Première observation de Axelle Lemaire, et hors de l’ordre du jour, c’est l’absence d’un interlocuteur représentant l’ensemble de la profession. L’AFD ne rassemble qu’un petit nombre de designers et il n’existe aucun syndicat représentatif de la profession. La secrétaire d’Etat a d’ailleurs précisé qu’il a « été difficile » à son équipe « d’identifier sur internet et d’adresser leurs invitations » aux graphistes présents. Le manque de structure de ce secteur est un point à corriger. Ce fut d’ailleurs l’occasion pour plusieurs participants de régler leurs comptes entre eux, et surtout avec l’AFD, dans laquelle certains ne se retrouvent pas, pour reprendre les termes de Sébastien Drouin, d’Aether Concept.
Sur le fond du problème, une réponse juridique aux systèmes pervertis de crowdsourcing ne peut être envisagée que si « le mouvement se structure ». « A nous de faire le nécessaire », commente Philippe Gelas. Sur le travail dissimulé, Axelle Lemaire a insisté sur le fait que ces sociétés ne pouvaient être incriminées puisque « il n’y a pas de lien de subordination puisqu’il n’y a pas non plus paiement et que le dit lien n’est pas permanent », rapporte Sébastien Drouin. Qui plus est, ces plateformes auraient l’avantage « de donner de la visibilité aux jeunes créatifs ».
Travail dissimulé
Un argument vite balayé par les graphistes présents. En effet, sous prétexte de permettre aux nouveaux entrants (jeunes, étudiants, autodidactes) de se faire un nom, ces entreprises de crowdsourcing exploite les créatifs à des fins commerciales. Cette problématique ne concerne pas uniquement le domaine du design : le journalisme (via les contributions bénévoles et les « fondations ») ou encore la recherche (en sciences sociales principalement) sont également touchés par ce phénomène.
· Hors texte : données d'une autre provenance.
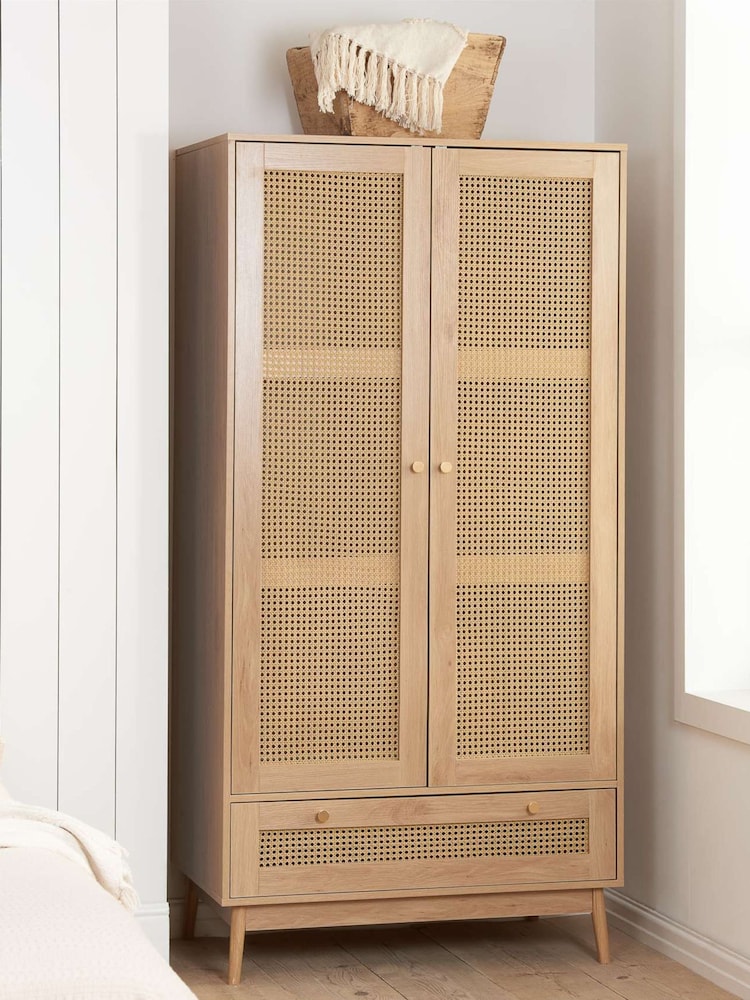 Birlea Brown Croxley Double 1 Drawer Rattan Wardrobe - Image 1 of 7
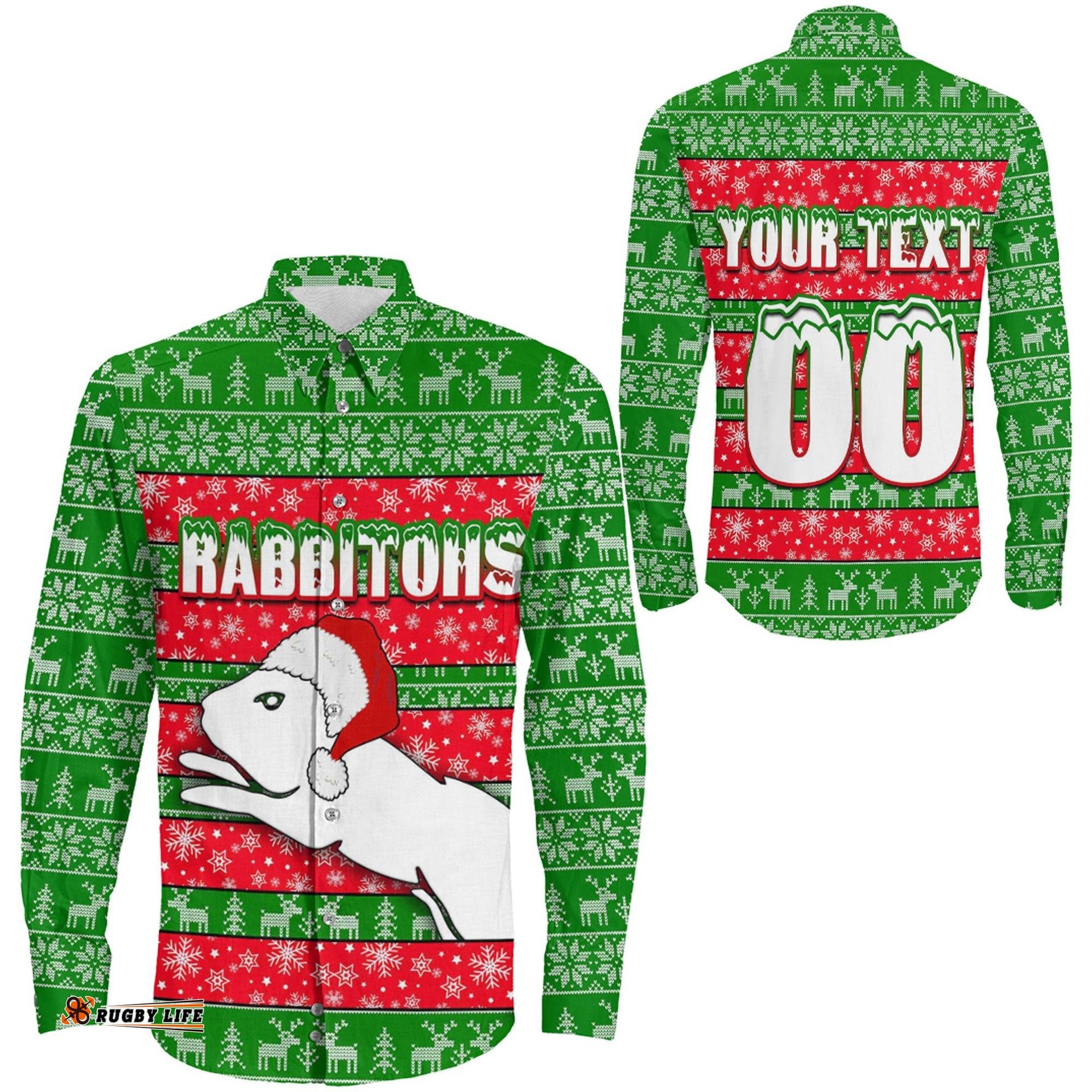 Custom South Sydney Rabbitohs Aboriginal Tattoo Long Sleeve Button Shirt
Axelle Lemaire a également insisté sur la nécessité d’une perspective internationale. Faire reconnaître le crowdsourcing comme un travail dissimulé ou une concurrence déloyale serait « nuisible pour le développement du design en France face à la scène internationale ». En effet, les entreprises étrangères « pourraient ne plus êtres intéressées par la France en matière de design ». Ce à quoi répondent les designers : « Nous ne serions pas pénalisés par l’absence d’entreprises de crowdsourcing en France, celles-ci ne payant déjà pas leurs participants. Énormément de graphistes touchent des entreprises locales en direct qui ne vont pas à l’étranger pour chercher un prestataire »
La qualité mise en avant…
Ce qui apparaît alors comme la meilleure solution pour lutter contre ces plateformes est la mise en avant de la qualité. Les graphistes passant par ces sites collaboratifs ne rencontrent pas le client, ils n’ont pas d’informations sinon un cahier des charges. Ainsi, la qualité serait moindre que celle des travaux fournis par des professionnels rémunérés et travaillant pour un compte en particulier. Sébastien Drouin explique qu'« axer sur la qualité, en faire la promotion et la mettre en avant dans l’importance d’une bonne communication, c’est indirectement nuire aux entreprises de crowdsourcing ».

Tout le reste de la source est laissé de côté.